* TASK STATEMENT
The answer must be an exact transcription of the lines below from the first through the one containing "Bursaspor Divan Kurulu", with the pictures left out; please add nothing else.

Image-text web data
..............................
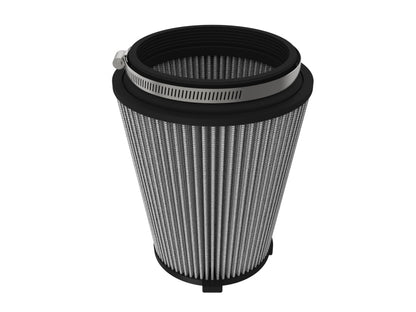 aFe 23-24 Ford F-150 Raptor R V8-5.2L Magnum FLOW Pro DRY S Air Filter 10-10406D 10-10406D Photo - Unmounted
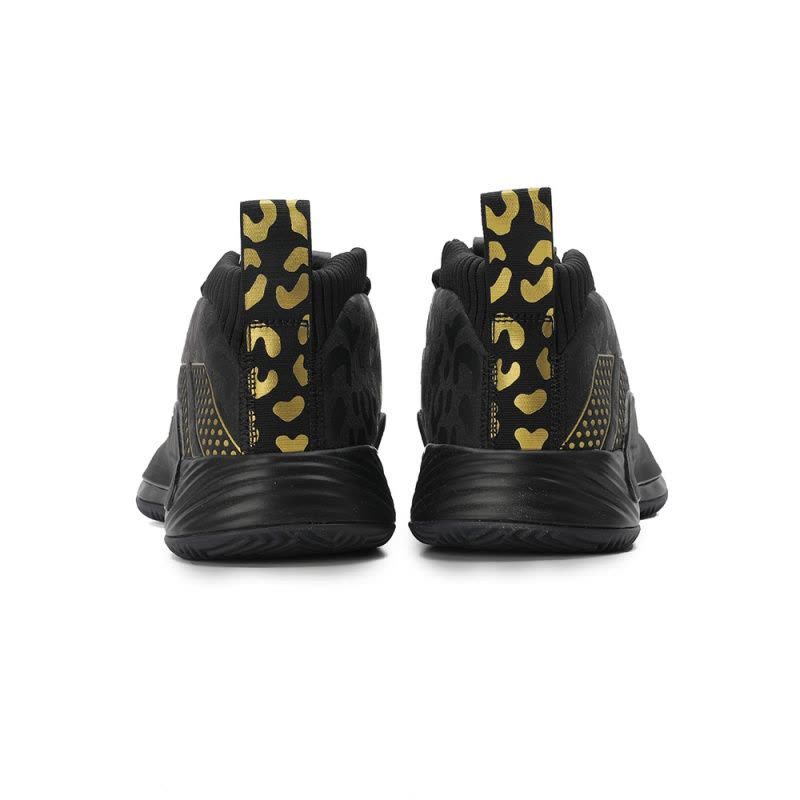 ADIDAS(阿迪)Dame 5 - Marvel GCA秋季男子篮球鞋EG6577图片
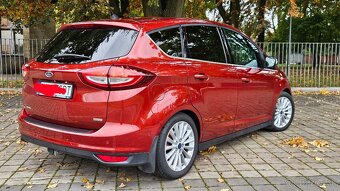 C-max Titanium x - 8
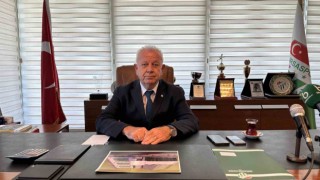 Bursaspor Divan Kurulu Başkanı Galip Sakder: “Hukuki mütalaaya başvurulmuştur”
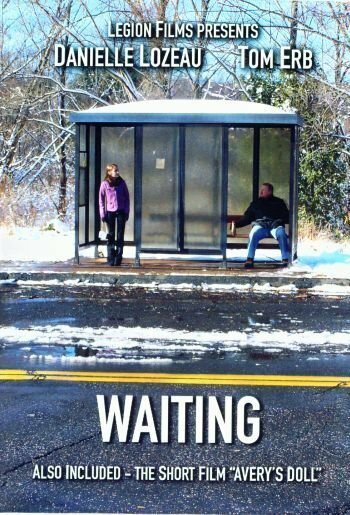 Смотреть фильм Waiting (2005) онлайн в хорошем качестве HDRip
..............................
* WRITTEN REPLY
 aFe 23-24 Ford F-150 Raptor R V8-5.2L Magnum FLOW Pro DRY S Air Filter 10-10406D 10-10406D Photo - Unmounted
 ADIDAS(阿迪)Dame 5 - Marvel GCA秋季男子篮球鞋EG6577图片
 C-max Titanium x - 8
 Bursaspor Divan Kurulu Başkanı Galip Sakder: “Hukuki mütalaaya başvurulmuştur”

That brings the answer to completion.